I've not devoted too much space to the Tai-Zhuang connection in this post, because it's obvious in the plots. The Tai are obviously somewhat shifted toward Austro-Asiatic groups, but far less than I would have expected. In fact, taking the ADMIXTURE components too literally you might infer that there's been more Tai admixture into the Mon and Khmer than the other way around! This might not be totally implausible when you consider that Thailand's population is nearly five times that of Cambodia. But the standard model I've read suggests that Tai warrior bands conquered the Mon-Khmer indigenes, and absorbed much of their high culture. These results don't cohere easily with that in terms of demographics.
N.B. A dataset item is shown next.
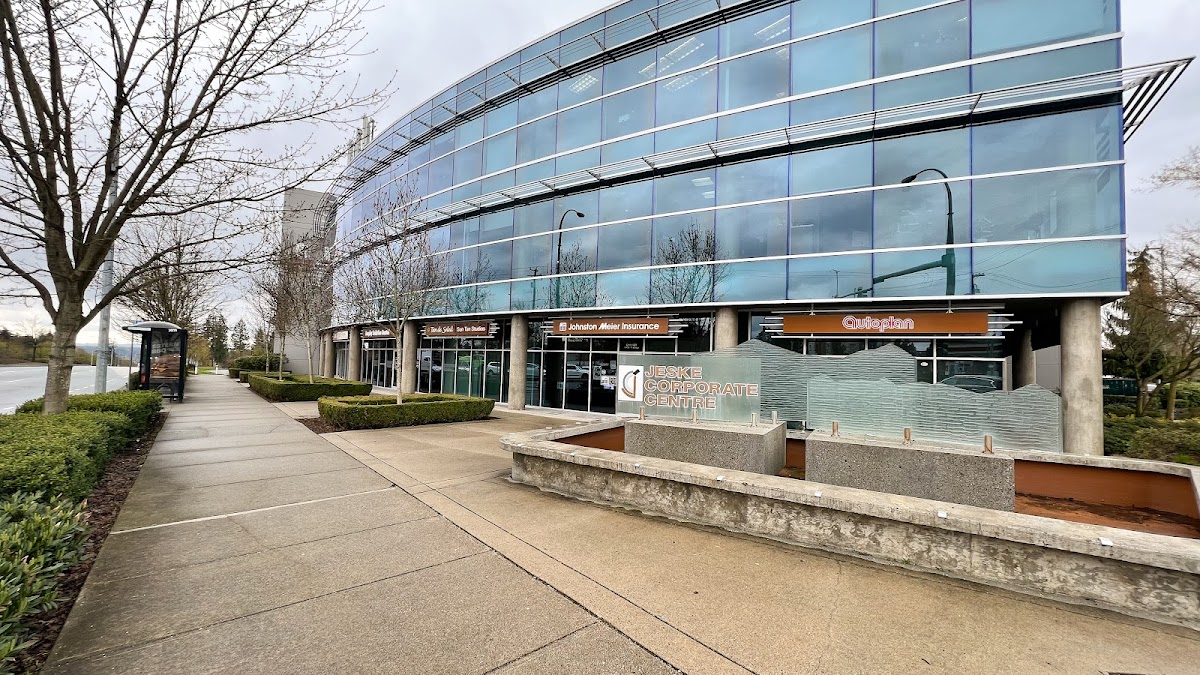 Langley Sedation & General Dentistry - Dr. Tom Lee dental clinic in Langley - Photo 10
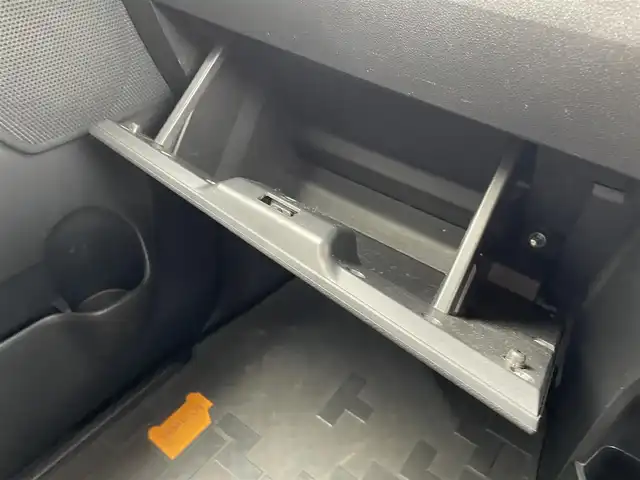 ダイハツ ウェイク L SA 大阪府 2015(平27)年 11.3万km プラムブラウンクリスタルマイカ (株)IDOMが運営する【じしゃロン東大阪店】の自社ローン対象車両になります。こちらは現金ご利用時の価格です。/自社ローンご希望の方は別途その旨お申付け下さい。/スマートアシスト/フリップダウンモニター/純正ナビ/【フルセグＴＶ/Ｂｌｕｅｔｏｏｔｈ/CD/DVD】/バックカメラ/ＥＴＣ/片側パワースライドドア/ベンチシート/オートエアコン/ＡＢＳ/横滑り防止機能/衝突被害軽減システム/オートライト/LEDライト/取説＆保証書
I have a possible explanation for what occurred. Much of Thailand may not have been too populous until the past ~1,000 years, with lowland agriculture being driven by elite direction. The Tai may have brought superior agricultural techniques, and so entered into a phase of rapid population expansion into the lowland frontier, which had no parallel during the Mon and Khmer period of dominance. In other words, the Tai bands were small and initially outnumbered by the Mon and Khmer. But through favorable resource direction and priority allocation of newly arable land to co-ethnics the small Tai population might quickly have come to dominate the previous inhabitants. This is the model which is outlined in the Rise of Islam and the Bengal Frontier. In it the author basically argues that eastern Bengal was lightly populated until large scale Muslim elite driven projects to open up the agricultural frontier. The recruited peasants were either Muslim or converted to Islam, because the cultural landscape was relatively fluid and unsettled, in contrast to the more static peasant economy of western Bengal, which remained Hindu. The Islamicization of eastern Bengal in this model had less to do with the conversion of native tribes, and more to do with the rapid demographic expansion of Bengali peasant colonies which were enabled by agricultural projects, colonies which were Islamicized or were drawn from the minority Muslim peasantry of the western zone by Mughal elites intent on creating a region where the Hindu upper castes were marginalized. Similarly, the Tai expansion in Southeast Asia may have been into a de facto "empty" landscape. During the period when Mon and Khmer high culture was absorbed the Tai may have been the smaller element in terms of numbers. The current ratios are a function of later social and demographic processes.